• PROBLEM: The required output is the exact run of lines in the listing below from the line holding "3d bandiera di" through the line holding "DnD Rainbow Dice", with no pictures.

═════ THE DATA

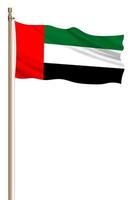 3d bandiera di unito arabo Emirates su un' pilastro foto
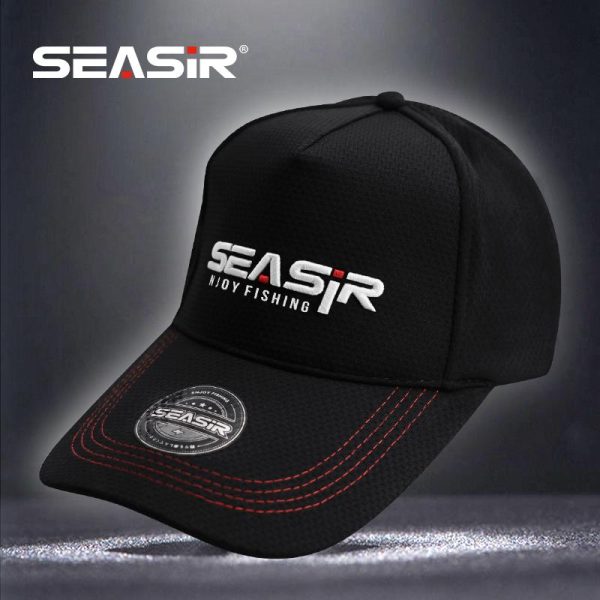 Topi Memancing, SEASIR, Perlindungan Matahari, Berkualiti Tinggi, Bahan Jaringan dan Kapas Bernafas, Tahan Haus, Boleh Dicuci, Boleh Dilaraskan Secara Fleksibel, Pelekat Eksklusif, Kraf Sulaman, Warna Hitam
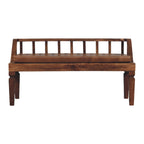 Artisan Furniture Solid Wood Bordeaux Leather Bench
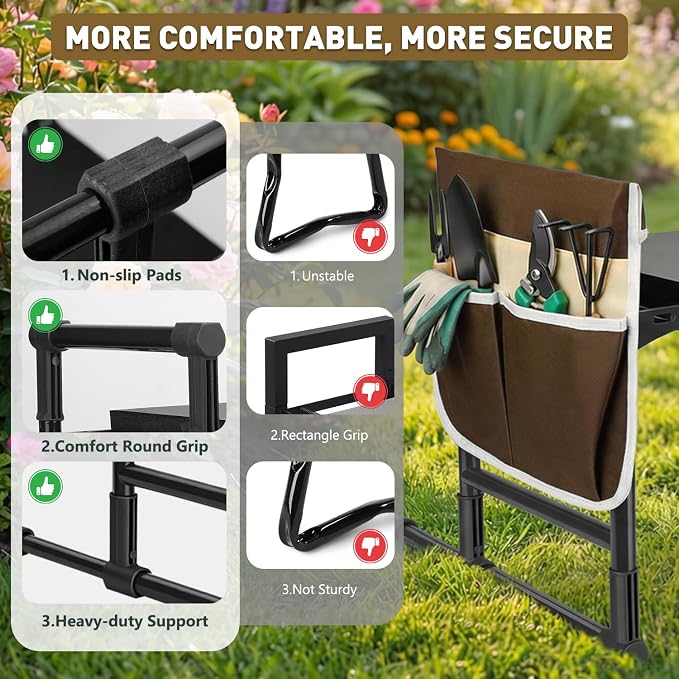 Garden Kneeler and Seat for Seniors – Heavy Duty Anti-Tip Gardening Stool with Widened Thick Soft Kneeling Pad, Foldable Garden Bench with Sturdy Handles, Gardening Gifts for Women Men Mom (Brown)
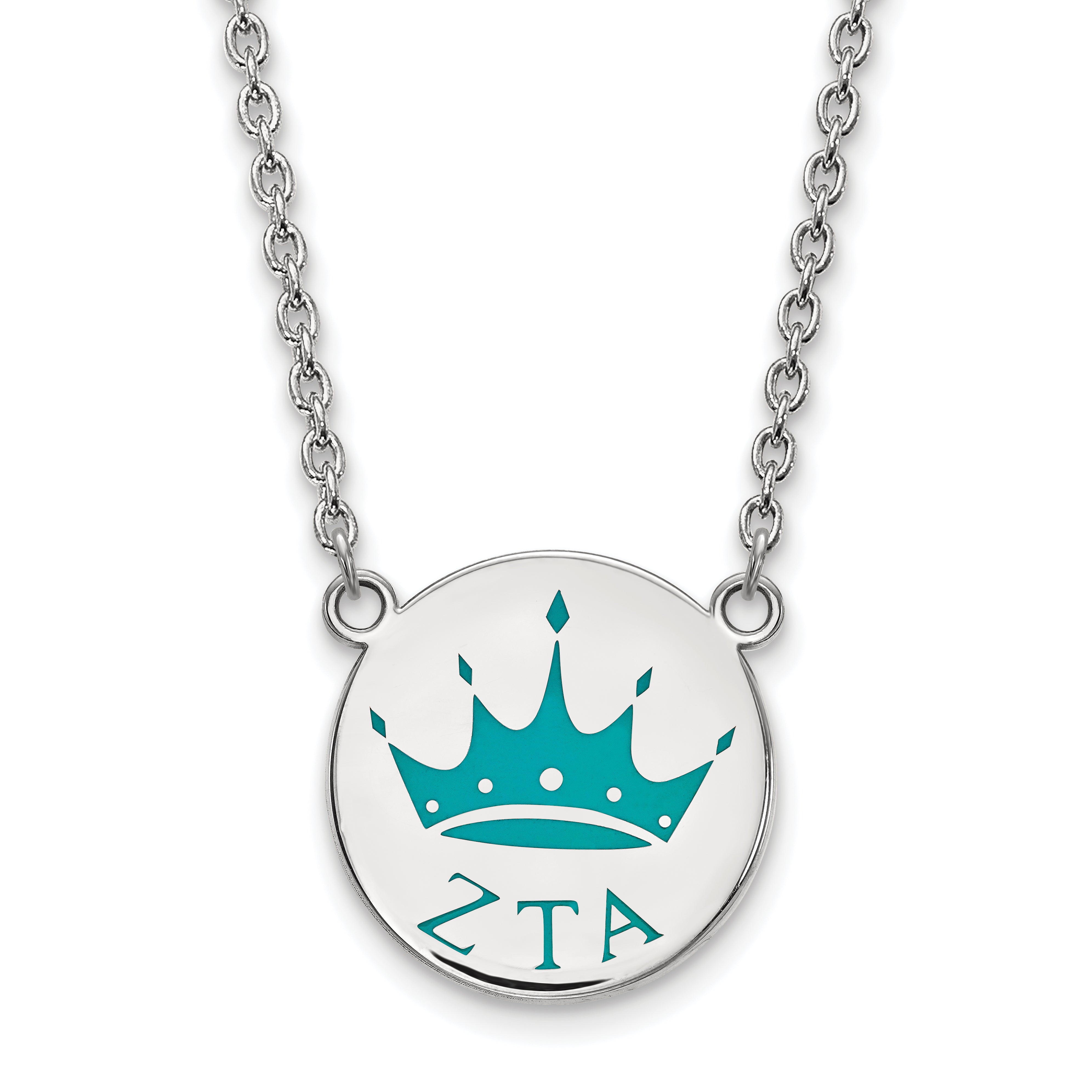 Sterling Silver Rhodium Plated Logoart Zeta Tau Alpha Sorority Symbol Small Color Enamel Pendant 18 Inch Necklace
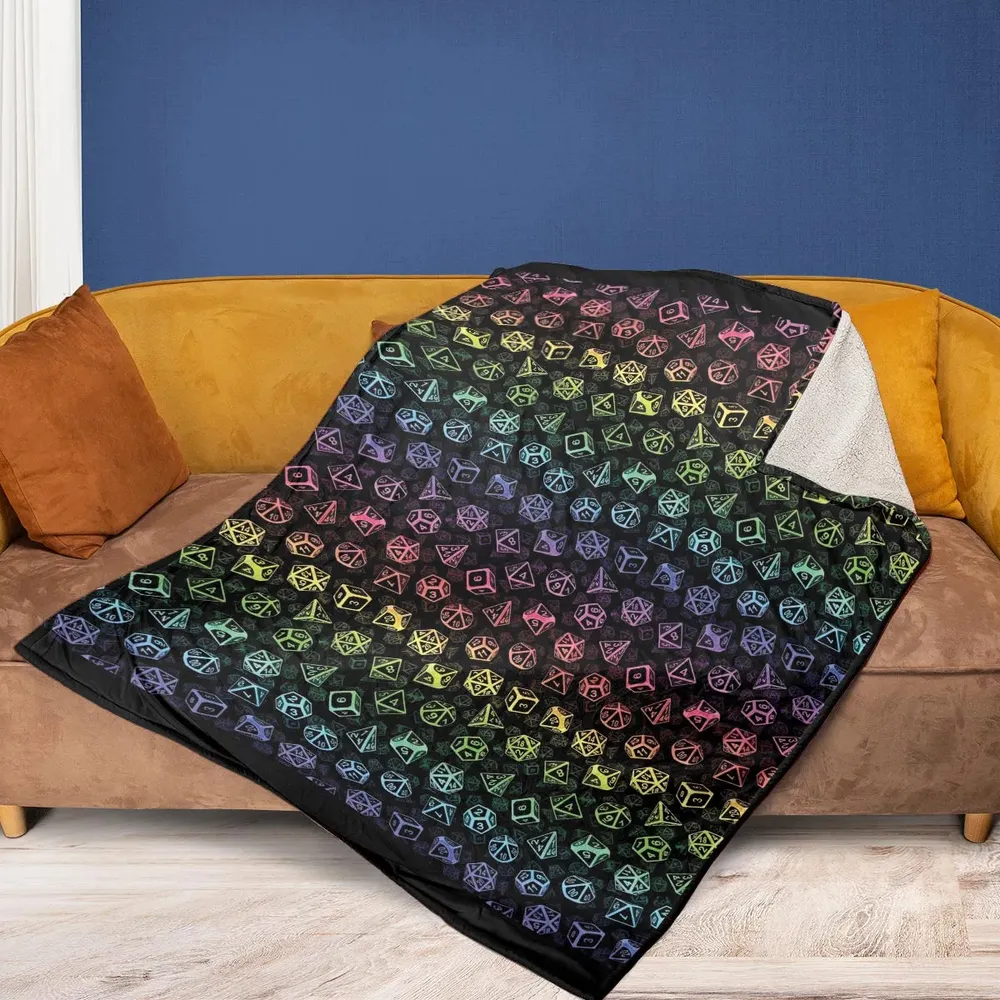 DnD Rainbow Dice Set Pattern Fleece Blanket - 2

══════════
═════ THE DATA

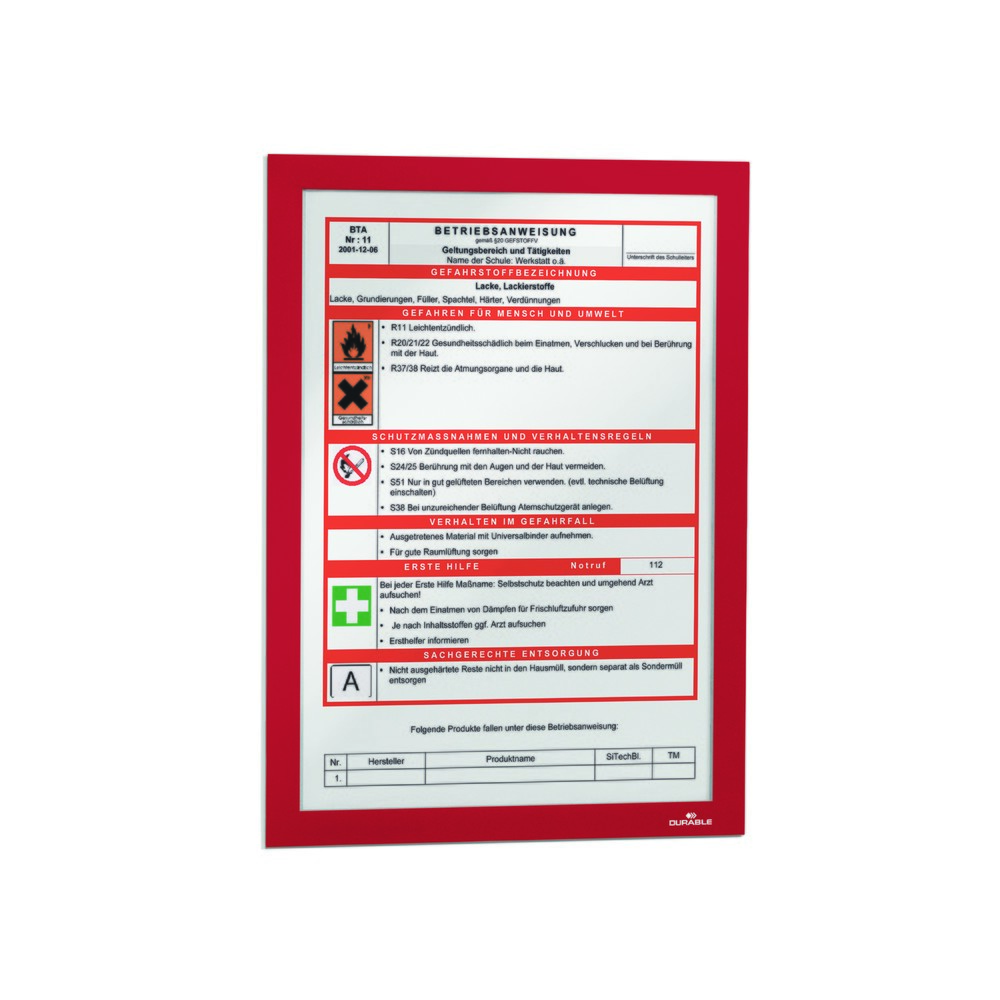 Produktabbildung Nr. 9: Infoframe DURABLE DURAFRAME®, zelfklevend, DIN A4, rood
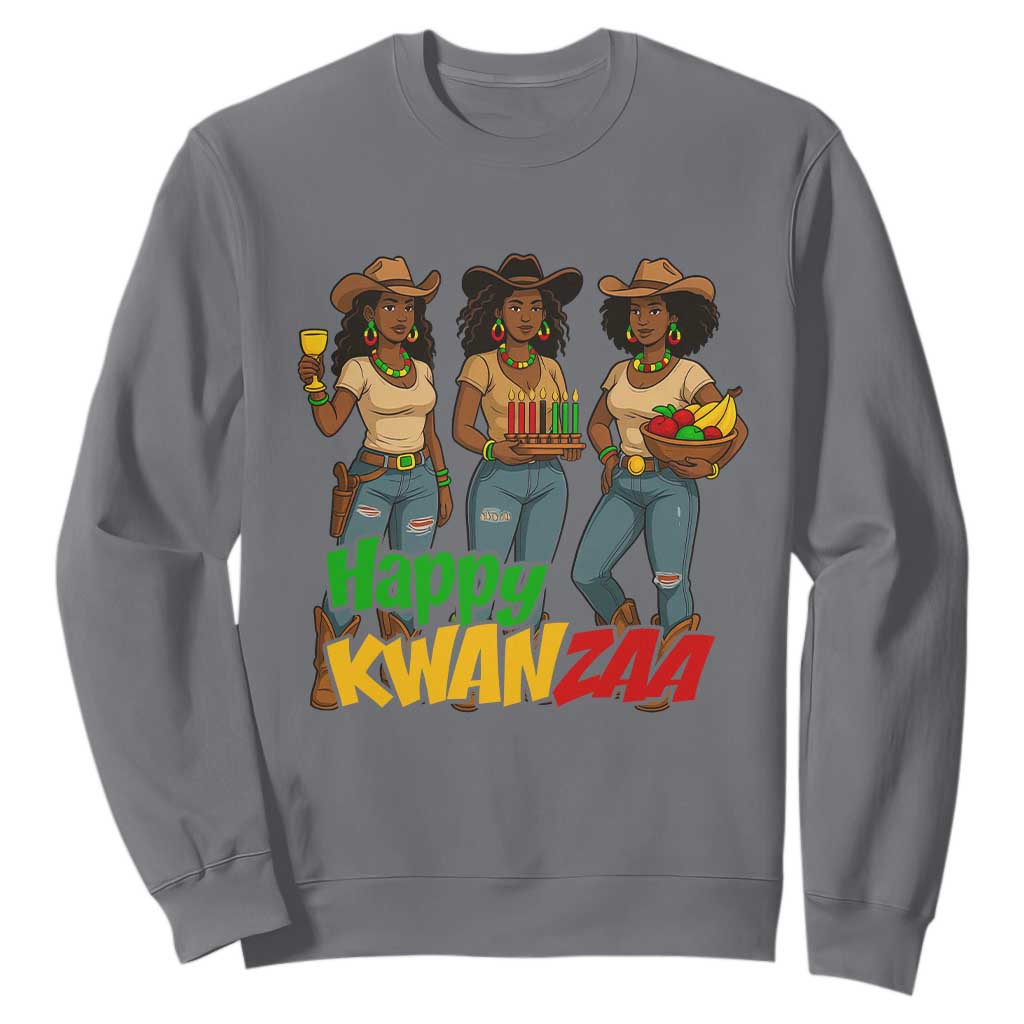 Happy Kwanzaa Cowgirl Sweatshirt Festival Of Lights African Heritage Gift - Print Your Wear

══════════
═════ THE DATA

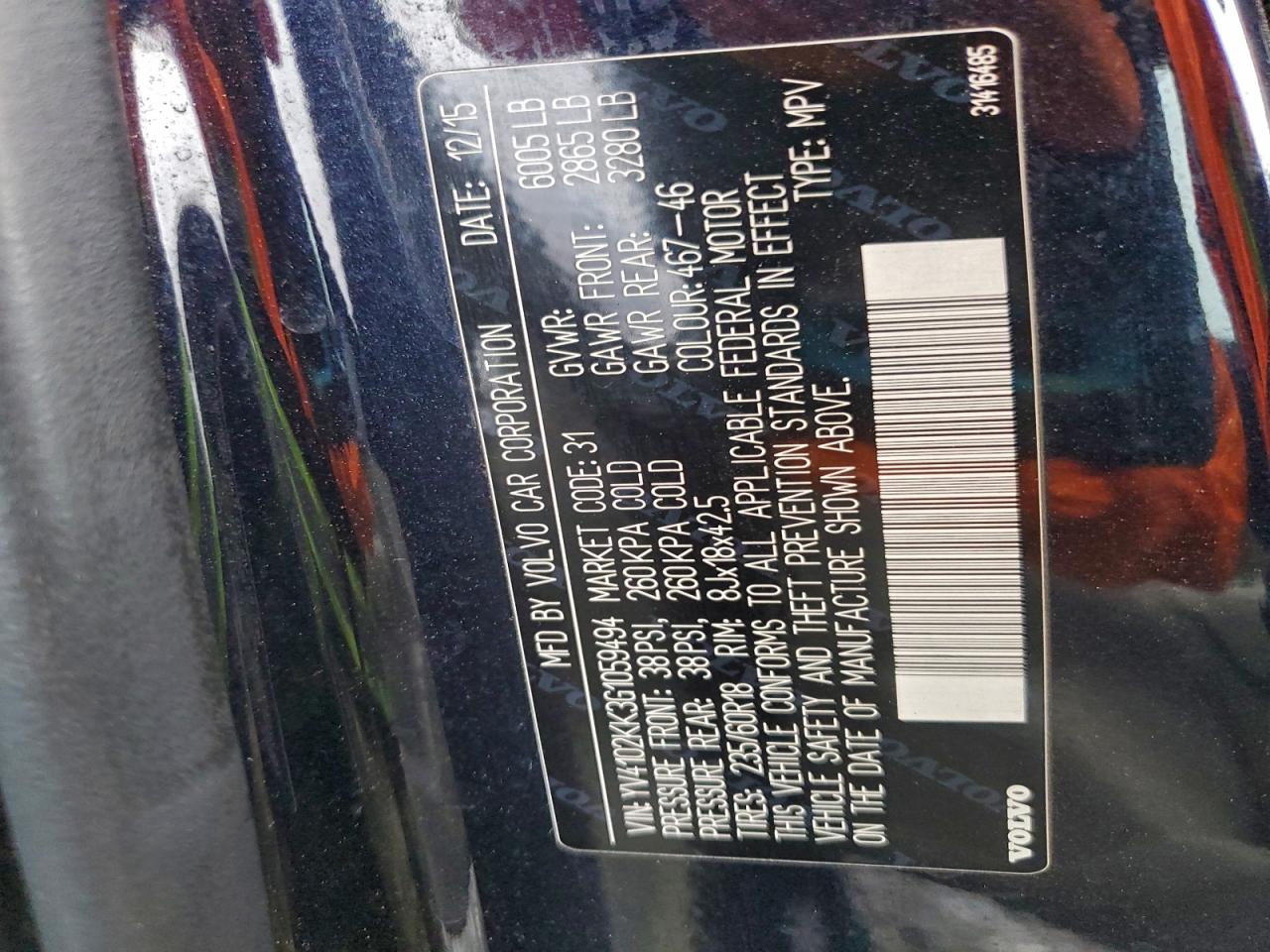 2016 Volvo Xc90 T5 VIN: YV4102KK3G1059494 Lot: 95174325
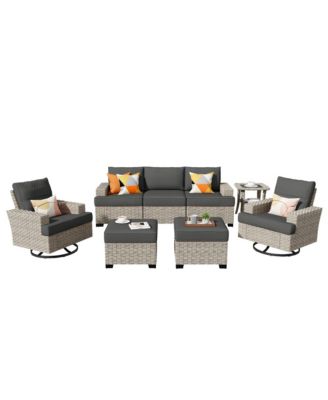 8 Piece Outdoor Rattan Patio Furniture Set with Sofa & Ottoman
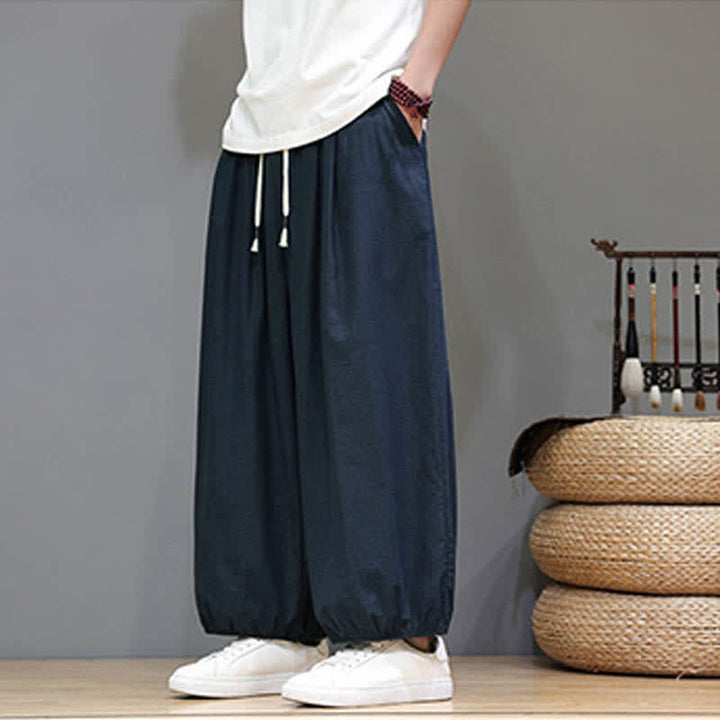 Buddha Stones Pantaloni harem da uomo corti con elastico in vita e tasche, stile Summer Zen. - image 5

══════════

• ANSWER TO THIS PROBLEM:
 3d bandiera di unito arabo Emirates su un' pilastro foto
 Topi Memancing, SEASIR, Perlindungan Matahari, Berkualiti Tinggi, Bahan Jaringan dan Kapas Bernafas, Tahan Haus, Boleh Dicuci, Boleh Dilaraskan Secara Fleksibel, Pelekat Eksklusif, Kraf Sulaman, Warna Hitam
 Artisan Furniture Solid Wood Bordeaux Leather Bench
 Garden Kneeler and Seat for Seniors – Heavy Duty Anti-Tip Gardening Stool with Widened Thick Soft Kneeling Pad, Foldable Garden Bench with Sturdy Handles, Gardening Gifts for Women Men Mom (Brown)
 Sterling Silver Rhodium Plated Logoart Zeta Tau Alpha Sorority Symbol Small Color Enamel Pendant 18 Inch Necklace
 DnD Rainbow Dice Set Pattern Fleece Blanket - 2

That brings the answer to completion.